Indeed, the love found among friends and family is as important as any other love, even though individuals have been socialized to privilege romantic relationships. hooks recalls that when she left an abusive romantic relationship, she realized that it was more fulfilling to live within “a circle of love,” which meant maintaining satisfying relationships with friends sustained through compassion and forgiveness.
Turning her attention to romantic relationships, hooks claims that when men long for power and women for emotional attachment in a Mars-and-Venus-gendered universe, few individuals learn to love. For centuries, sexist logic has taught people to accept the male inability to express feelings and female ability for nurturing as innate differences. To know love, then, gender stereotypes that form part and parcel of patriarchal paradigms must be rejected. Men should learn that there is more to love than erotic attraction and that the intensity of sexual intimacy does not serve as an adequate foundation for a loving relationship.

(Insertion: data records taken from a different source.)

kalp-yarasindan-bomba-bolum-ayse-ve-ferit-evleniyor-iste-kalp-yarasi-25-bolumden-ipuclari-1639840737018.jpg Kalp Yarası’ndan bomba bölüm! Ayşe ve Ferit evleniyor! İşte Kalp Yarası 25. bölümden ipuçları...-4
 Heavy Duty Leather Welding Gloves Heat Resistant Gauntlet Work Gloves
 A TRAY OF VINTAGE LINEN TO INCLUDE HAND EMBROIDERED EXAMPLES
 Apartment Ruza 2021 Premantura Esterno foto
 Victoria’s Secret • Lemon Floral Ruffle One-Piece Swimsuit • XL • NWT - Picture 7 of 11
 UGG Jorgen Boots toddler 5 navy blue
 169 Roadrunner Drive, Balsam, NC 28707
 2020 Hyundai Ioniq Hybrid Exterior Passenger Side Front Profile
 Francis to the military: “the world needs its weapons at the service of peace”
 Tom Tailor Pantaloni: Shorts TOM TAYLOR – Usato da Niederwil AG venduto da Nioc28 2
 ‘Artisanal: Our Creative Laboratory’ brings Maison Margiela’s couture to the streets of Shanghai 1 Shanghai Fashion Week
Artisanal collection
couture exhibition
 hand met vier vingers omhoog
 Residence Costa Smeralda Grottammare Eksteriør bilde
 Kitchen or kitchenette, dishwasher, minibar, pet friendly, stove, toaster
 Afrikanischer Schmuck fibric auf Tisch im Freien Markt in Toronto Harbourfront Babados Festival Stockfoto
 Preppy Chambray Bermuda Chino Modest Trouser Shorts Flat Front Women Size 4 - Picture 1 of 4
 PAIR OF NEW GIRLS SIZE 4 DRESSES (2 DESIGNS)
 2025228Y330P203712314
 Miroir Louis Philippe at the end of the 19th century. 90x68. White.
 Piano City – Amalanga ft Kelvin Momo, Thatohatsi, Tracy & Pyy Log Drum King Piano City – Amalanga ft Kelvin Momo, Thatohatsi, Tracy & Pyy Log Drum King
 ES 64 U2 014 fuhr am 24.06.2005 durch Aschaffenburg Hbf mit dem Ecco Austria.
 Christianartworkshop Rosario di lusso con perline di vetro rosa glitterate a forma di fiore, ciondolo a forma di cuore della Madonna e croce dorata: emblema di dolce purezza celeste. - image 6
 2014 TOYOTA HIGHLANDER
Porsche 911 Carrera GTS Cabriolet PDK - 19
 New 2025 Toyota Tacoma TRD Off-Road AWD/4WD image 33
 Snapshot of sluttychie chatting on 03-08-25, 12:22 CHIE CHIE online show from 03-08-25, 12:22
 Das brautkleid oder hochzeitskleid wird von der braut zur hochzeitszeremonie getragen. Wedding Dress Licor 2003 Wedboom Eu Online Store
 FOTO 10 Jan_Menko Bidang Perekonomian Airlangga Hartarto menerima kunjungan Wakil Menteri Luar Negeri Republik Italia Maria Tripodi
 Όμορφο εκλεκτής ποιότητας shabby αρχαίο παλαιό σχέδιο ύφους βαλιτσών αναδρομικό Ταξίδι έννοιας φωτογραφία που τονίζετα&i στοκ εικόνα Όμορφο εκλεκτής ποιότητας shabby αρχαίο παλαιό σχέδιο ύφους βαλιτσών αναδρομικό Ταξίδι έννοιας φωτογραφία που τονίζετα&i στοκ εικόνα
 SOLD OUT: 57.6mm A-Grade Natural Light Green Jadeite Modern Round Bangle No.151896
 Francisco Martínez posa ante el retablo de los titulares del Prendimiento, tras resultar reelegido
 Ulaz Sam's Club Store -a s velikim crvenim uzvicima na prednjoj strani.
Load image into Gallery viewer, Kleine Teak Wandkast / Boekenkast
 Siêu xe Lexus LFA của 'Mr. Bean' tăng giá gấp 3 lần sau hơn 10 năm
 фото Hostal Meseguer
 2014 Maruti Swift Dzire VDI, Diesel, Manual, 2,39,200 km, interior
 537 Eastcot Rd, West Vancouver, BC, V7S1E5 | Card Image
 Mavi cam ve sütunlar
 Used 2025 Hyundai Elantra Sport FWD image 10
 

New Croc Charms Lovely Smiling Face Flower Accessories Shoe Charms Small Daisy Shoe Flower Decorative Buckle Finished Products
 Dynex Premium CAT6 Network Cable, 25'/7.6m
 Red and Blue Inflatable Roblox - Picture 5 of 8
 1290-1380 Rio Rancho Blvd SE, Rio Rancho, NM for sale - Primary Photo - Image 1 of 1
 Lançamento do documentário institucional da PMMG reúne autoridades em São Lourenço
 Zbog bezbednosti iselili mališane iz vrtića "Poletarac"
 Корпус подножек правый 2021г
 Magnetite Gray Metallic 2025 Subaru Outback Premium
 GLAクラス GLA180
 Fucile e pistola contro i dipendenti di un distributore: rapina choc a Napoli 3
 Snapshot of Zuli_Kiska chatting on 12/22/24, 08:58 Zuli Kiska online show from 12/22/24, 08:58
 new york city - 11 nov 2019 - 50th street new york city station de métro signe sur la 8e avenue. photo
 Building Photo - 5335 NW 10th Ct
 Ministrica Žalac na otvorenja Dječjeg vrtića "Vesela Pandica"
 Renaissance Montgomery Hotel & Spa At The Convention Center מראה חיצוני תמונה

If partners strive to see each other as equals, the decision to abide by honesty is the first step in the process of love, followed by communication. The generous sharing of resources is another step, followed by a forgiveness which steers energy away from blame while fostering a sense of agency that ensures one can give and find love. Not least, hooks urges women to break their commitment when male partners refuse to awaken.
From here, hooks reflects on the fear of death that is so prevalent. The more the public is exposed to spectacles of random violence and cruelty, the more fearful it grows in its daily obsession with safety. In actuality, it is the fear of threat rather than a real threat that is the catalyst for this raging anxiety. To live fully, hooks asserts, the fear of dying needs to be replaced by the love of living. Loving makes it possible for one to proceed from worshiping death to celebrating life. The loss of intimate loved ones and friends becomes less arduous with the realization that one has given their all. Here, too, hooks emphasizes the need to grieve fully rather than suppressing one’s grief.
She then outlines steps to the recovery of love. Accepting responsibility for one’s well-being, acknowledging brokenness, and welcoming salvation all serve to open the heart to healing. She reminds readers that while independence is important, it is equally crucial to seek communion with others, either by means of companionship with kindred souls or prayer and confession. Serving others can also offer a fruitful path to the heart as the ego is emptied and the needs of others are recognized and fulfilled. At the same time, she warns against judging others, which triggers personal alienation, keeping one immersed in shame. Cynicism and fear, being rooted in doubt and despair, are hardly less destructive by raising barriers to love.
Finally, hooks addresses woundedness. Experiencing an anguish of spirit as does Jacob when he wrestles with an angel, one faces the possibility of conversion and a change of heart. Dealing with woundedness is not about blaming others, even as it permits individuals who have been hurt to demand accountability and responsibility both from themselves and from those who hurt them, as well as from those who bore witness. Being loving helps one face betrayal without losing heart, thereby reviving the spirit so as to renew the capacity to love again. If the blessing the angel gives to Jacob comes in the form of a wound, the nation needs to gather its collective courage and acknowledge its lovelessness as a wound.